(The following entry is written by Melissa, an All Nations field worker)…
Have you ever started your day with one more piece of disappointing news and in that very moment realized that you have been in a season of disappointment?
Disappointed that things have not worked out the way you thought they would or should.
Disappointed in your lack of abilities to change the outcomes you face. Disappointed in your own failures and shortcomings.
And just like that. You realize that you are knee-deep in a struggle.
I found myself face to face with that disappointment this week which made me feel embarrassed, ashamed and angry with myself for having these feelings. I mean, I should be strong enough to face these struggles and not feel like heading for the hills, right? Yet, there I was, weak and vulnerable and hating how I was feeling.
I reached out to a friend who said, “His provision and strength is sure… the ease is not…”
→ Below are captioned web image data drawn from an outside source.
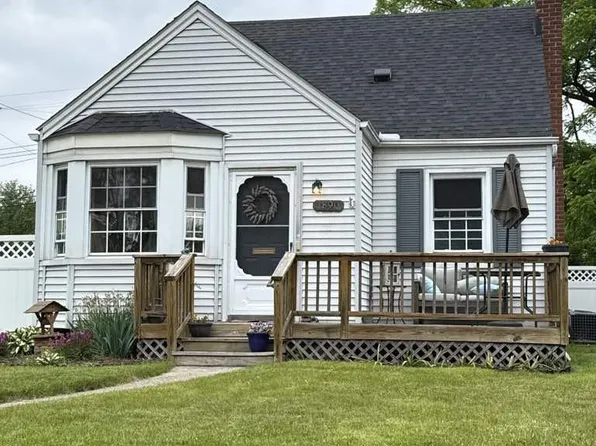 1890 Harvard Rd, Berkley, MI 48072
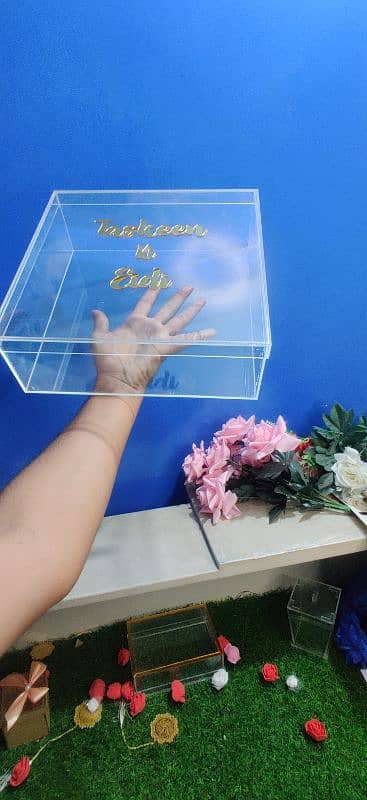 Acrylic Boxs Available 3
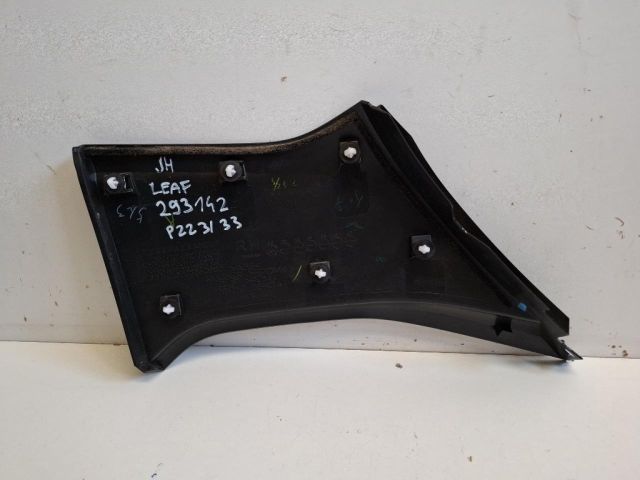 bontott NISSAN LEAF Jobb hátsó Sárvédő Díszléc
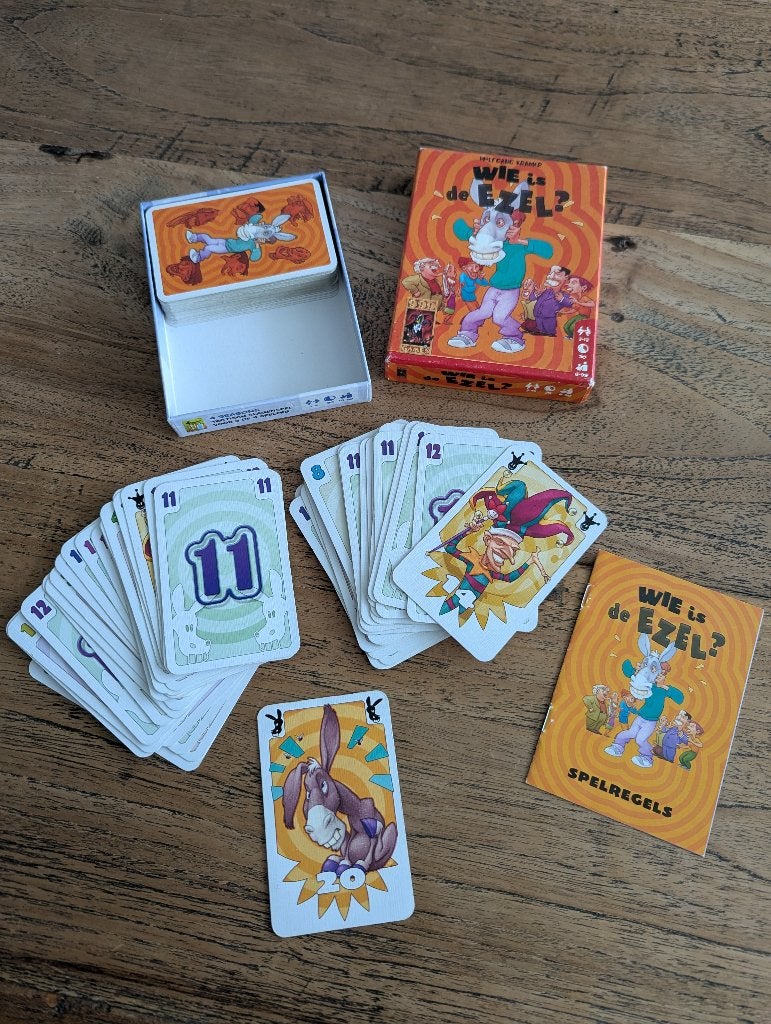 Wie is de ezel kaartspel, Hobby en Vrije tijd, Gezelschapsspellen | Kaartspellen, Ophalen of Verzenden, Zo goed als nieuw, 999Games
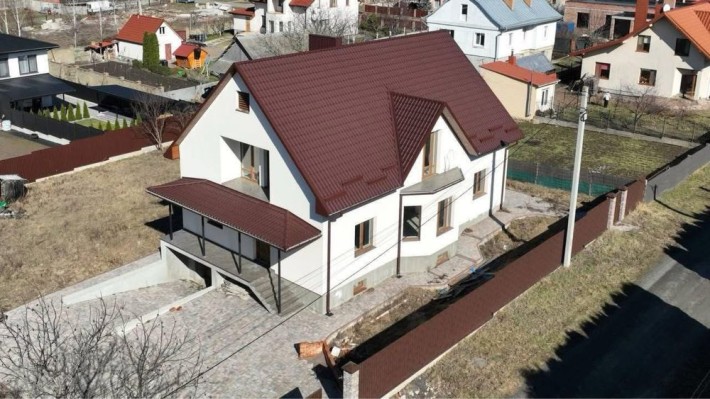 Будинок в с.Тарасове біля Луцька - фото 1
But, how do I handle the disappointments? Am I only thinking about myself and what I want? How do I find peace and rest in all the unknowns and uncertainties of life? How do I give myself grace for my weaknesses and learn from them instead?
Then… Who do You want me to be? How do You want me to handle this? What am I to learn from this season in life?
Struggles and disappointments in life are always right around the corner. They are what help us to grow stronger. They cause us to stop and look at what we might be doing wrong. They humble us and force us to keep our eyes on what’s most important.
Once I cut through all the surface crap and dig deep enough to seek out his wisdom, I find He has already provided everything I need to get past this discouragement. His love, forgiveness, and grace are mine.
“My flesh and my heart may fail, but God is the strength of my heart and my portion forever.” Psalm 73: 26
I have found the silver lining in disappointment. I have found:
The Love I need to be less petty or selfish and a new desire to serve others.
The Strength to get up when I fall, dust myself off and start again.
The Courage to admit when I am wrong and ask for forgiveness.
The Hope in Papa that everything is under his control and I can trust Him.
The Joy of resting in His promises and enjoying His peace.
So, even though I found myself face to face with my own struggles this week.
I count myself blessed to have this season to reflect on what God has proved and who He wants me to become. I am so grateful that He cares enough to stretch and change us.